Records shown START
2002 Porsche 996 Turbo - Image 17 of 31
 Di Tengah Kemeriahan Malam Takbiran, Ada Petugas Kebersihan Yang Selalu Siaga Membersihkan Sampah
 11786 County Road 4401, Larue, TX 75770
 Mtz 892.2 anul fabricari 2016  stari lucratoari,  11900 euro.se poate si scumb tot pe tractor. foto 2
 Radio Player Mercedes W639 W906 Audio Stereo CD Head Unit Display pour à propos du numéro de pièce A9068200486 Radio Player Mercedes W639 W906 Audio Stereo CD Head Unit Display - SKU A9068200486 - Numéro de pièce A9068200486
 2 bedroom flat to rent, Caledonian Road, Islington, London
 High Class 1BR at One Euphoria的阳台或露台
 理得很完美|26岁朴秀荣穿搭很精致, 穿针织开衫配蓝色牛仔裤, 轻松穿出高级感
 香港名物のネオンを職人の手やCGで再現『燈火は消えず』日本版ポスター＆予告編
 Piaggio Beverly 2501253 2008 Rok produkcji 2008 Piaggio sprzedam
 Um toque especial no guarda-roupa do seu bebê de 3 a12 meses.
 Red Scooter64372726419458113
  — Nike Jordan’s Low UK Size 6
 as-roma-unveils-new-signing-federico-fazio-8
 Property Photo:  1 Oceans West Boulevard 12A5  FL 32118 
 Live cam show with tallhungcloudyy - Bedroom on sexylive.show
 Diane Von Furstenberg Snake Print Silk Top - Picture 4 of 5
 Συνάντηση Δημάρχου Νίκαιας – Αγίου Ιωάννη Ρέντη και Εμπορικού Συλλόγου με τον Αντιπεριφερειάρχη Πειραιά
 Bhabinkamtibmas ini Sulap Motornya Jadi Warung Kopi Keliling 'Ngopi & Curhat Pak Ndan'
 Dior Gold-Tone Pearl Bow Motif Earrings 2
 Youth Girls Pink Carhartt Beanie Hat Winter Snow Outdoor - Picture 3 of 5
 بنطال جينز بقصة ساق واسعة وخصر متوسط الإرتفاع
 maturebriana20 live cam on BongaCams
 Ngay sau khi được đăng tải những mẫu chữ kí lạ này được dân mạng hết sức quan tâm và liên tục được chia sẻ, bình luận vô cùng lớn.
Records shown END
● **Assignment**
Write the listing out again in its entirety, exactly.

● **Response to this exercise**
2002 Porsche 996 Turbo - Image 17 of 31
 Di Tengah Kemeriahan Malam Takbiran, Ada Petugas Kebersihan Yang Selalu Siaga Membersihkan Sampah
 11786 County Road 4401, Larue, TX 75770
 Mtz 892.2 anul fabricari 2016  stari lucratoari,  11900 euro.se poate si scumb tot pe tractor. foto 2
 Radio Player Mercedes W639 W906 Audio Stereo CD Head Unit Display pour à propos du numéro de pièce A9068200486 Radio Player Mercedes W639 W906 Audio Stereo CD Head Unit Display - SKU A9068200486 - Numéro de pièce A9068200486
 2 bedroom flat to rent, Caledonian Road, Islington, London
 High Class 1BR at One Euphoria的阳台或露台
 理得很完美|26岁朴秀荣穿搭很精致, 穿针织开衫配蓝色牛仔裤, 轻松穿出高级感
 香港名物のネオンを職人の手やCGで再現『燈火は消えず』日本版ポスター＆予告編
 Piaggio Beverly 2501253 2008 Rok produkcji 2008 Piaggio sprzedam
 Um toque especial no guarda-roupa do seu bebê de 3 a12 meses.
 Red Scooter64372726419458113
  — Nike Jordan’s Low UK Size 6
 as-roma-unveils-new-signing-federico-fazio-8
 Property Photo:  1 Oceans West Boulevard 12A5  FL 32118 
 Live cam show with tallhungcloudyy - Bedroom on sexylive.show
 Diane Von Furstenberg Snake Print Silk Top - Picture 4 of 5
 Συνάντηση Δημάρχου Νίκαιας – Αγίου Ιωάννη Ρέντη και Εμπορικού Συλλόγου με τον Αντιπεριφερειάρχη Πειραιά
 Bhabinkamtibmas ini Sulap Motornya Jadi Warung Kopi Keliling 'Ngopi & Curhat Pak Ndan'
 Dior Gold-Tone Pearl Bow Motif Earrings 2
 Youth Girls Pink Carhartt Beanie Hat Winter Snow Outdoor - Picture 3 of 5
 بنطال جينز بقصة ساق واسعة وخصر متوسط الإرتفاع
 maturebriana20 live cam on BongaCams
 Ngay sau khi được đăng tải những mẫu chữ kí lạ này được dân mạng hết sức quan tâm và liên tục được chia sẻ, bình luận vô cùng lớn.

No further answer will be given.